**PROBLEM REQUIREMENTS**
Produce exactly the lines from the one holding "1/24 Jada 2015" through the last line of the data below, with every picture left out.

**Stored items**
┏━━
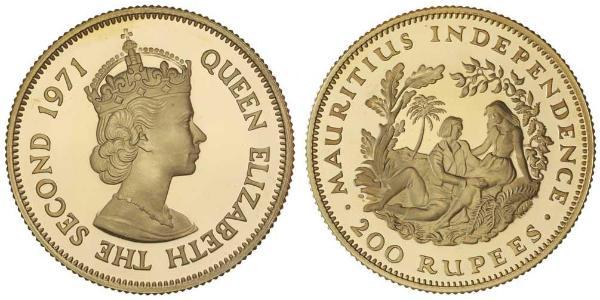 200 Rupee Maurice Or Elizabeth II (1926-2022)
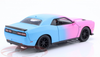 1/24 Jada 2015 Pink Slips Dodge Challenger SRT Hellcat (Pink & Light Blue) Diecast Car Model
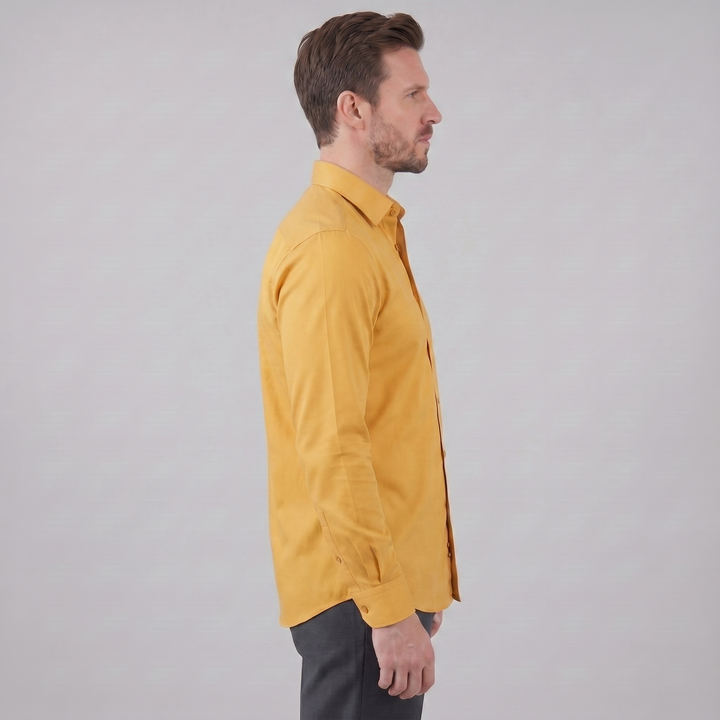 Men's Slim Fit Long Sleeve Shirt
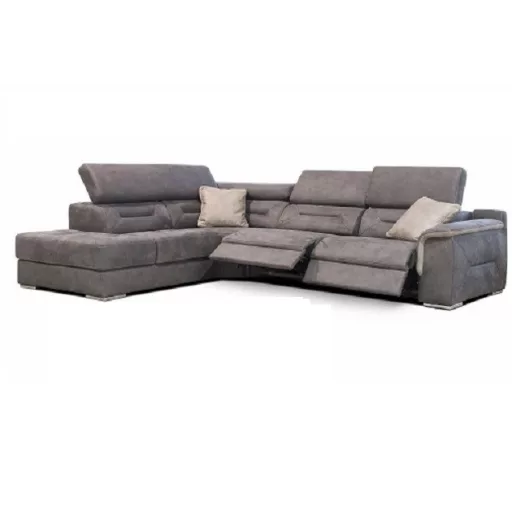 Beaumont 2 elektromos relax sarokgarnitúra - 296 cm X 235 cm - balos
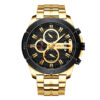Curren 8337 Golden Stainless Steel Black Dial Men's Gift Watch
┗━━
**RESPONSE**
 1/24 Jada 2015 Pink Slips Dodge Challenger SRT Hellcat (Pink & Light Blue) Diecast Car Model
 Men's Slim Fit Long Sleeve Shirt
 Beaumont 2 elektromos relax sarokgarnitúra - 296 cm X 235 cm - balos
Curren 8337 Golden Stainless Steel Black Dial Men's Gift Watch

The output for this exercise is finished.